#### EXERCISE DESCRIPTION:
Set down again exactly the lines of the listing below that fall between the line holding "A pair of dark" and the line holding "UMBC student during", inclusive.

#### SOURCE DATA:
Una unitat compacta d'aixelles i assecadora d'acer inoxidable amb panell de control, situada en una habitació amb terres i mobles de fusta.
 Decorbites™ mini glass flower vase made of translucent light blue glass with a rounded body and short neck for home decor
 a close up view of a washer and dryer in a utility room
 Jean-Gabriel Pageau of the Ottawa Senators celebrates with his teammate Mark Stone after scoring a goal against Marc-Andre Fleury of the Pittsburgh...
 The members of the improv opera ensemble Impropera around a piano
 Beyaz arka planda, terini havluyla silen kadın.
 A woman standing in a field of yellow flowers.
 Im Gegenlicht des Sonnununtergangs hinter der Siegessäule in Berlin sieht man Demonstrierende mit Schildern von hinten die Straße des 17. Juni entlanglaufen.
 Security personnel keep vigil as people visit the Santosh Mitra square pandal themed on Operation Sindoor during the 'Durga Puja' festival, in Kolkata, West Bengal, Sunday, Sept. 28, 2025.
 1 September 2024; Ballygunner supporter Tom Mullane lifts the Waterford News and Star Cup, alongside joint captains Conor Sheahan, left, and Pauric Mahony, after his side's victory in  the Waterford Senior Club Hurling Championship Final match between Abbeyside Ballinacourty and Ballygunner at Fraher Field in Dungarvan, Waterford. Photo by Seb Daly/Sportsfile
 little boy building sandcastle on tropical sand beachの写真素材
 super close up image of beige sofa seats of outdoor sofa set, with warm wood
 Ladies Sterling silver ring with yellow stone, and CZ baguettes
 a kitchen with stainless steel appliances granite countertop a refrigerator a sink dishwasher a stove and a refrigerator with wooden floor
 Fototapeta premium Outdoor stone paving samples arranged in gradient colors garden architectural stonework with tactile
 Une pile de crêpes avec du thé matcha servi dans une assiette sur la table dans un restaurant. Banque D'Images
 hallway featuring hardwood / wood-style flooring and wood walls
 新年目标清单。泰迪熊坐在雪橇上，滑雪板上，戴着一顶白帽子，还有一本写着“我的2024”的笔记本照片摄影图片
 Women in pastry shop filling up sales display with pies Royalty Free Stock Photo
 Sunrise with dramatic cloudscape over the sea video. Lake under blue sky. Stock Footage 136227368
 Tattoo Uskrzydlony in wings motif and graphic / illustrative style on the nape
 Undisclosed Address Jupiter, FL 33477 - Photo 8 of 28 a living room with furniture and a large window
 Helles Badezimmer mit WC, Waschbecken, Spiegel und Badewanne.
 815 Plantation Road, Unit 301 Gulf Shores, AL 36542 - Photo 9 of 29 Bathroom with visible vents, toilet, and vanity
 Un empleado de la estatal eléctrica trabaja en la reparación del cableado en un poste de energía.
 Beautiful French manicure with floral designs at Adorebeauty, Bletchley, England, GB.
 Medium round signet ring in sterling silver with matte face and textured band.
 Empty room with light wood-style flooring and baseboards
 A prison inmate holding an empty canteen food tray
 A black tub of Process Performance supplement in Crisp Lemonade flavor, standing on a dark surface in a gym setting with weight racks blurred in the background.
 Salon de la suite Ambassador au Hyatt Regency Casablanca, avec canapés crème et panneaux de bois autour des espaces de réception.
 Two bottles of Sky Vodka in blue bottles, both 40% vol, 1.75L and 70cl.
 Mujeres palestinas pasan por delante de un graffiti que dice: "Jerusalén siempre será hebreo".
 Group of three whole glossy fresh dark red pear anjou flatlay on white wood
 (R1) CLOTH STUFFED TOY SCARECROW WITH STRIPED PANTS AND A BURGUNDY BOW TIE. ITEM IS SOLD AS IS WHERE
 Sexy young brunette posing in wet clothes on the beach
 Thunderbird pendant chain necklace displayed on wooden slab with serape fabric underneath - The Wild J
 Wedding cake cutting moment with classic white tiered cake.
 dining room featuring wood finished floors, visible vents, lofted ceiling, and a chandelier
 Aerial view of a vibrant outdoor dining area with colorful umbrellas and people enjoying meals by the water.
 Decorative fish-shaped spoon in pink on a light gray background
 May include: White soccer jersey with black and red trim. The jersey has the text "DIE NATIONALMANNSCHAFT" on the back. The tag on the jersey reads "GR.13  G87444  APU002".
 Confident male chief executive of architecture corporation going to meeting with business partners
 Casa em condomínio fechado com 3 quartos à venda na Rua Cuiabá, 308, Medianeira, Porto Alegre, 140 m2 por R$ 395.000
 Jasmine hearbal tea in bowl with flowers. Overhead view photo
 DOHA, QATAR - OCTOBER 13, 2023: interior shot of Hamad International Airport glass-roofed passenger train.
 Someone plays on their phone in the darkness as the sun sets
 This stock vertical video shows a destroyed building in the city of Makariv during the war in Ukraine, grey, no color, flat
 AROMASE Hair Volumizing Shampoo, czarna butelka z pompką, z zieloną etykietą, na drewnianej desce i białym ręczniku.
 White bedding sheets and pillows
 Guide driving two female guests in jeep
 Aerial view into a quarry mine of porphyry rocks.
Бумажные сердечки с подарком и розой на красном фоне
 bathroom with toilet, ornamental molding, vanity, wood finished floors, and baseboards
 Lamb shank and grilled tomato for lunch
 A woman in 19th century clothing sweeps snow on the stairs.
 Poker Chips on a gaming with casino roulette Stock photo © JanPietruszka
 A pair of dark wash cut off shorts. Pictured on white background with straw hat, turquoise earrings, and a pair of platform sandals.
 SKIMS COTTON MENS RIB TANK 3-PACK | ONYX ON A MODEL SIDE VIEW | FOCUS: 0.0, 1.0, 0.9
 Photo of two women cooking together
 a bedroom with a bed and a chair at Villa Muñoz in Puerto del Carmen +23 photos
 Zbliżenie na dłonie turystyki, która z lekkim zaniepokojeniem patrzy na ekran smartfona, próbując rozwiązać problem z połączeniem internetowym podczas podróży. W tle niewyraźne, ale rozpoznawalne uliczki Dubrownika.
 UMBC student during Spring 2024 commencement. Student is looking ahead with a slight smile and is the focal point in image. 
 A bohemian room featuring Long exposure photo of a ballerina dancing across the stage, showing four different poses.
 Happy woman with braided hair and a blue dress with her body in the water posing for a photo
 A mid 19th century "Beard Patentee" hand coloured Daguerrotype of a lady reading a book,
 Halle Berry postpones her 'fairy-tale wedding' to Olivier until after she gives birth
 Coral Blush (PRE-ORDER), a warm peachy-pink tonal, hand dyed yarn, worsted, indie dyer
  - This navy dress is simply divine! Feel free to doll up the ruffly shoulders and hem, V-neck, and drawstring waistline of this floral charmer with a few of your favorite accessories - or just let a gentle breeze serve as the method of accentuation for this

#### OUTPUT OF THE EXERCISE:
 A pair of dark wash cut off shorts. Pictured on white background with straw hat, turquoise earrings, and a pair of platform sandals.
 SKIMS COTTON MENS RIB TANK 3-PACK | ONYX ON A MODEL SIDE VIEW | FOCUS: 0.0, 1.0, 0.9
 Photo of two women cooking together
 a bedroom with a bed and a chair at Villa Muñoz in Puerto del Carmen +23 photos
 Zbliżenie na dłonie turystyki, która z lekkim zaniepokojeniem patrzy na ekran smartfona, próbując rozwiązać problem z połączeniem internetowym podczas podróży. W tle niewyraźne, ale rozpoznawalne uliczki Dubrownika.
 UMBC student during Spring 2024 commencement. Student is looking ahead with a slight smile and is the focal point in image. 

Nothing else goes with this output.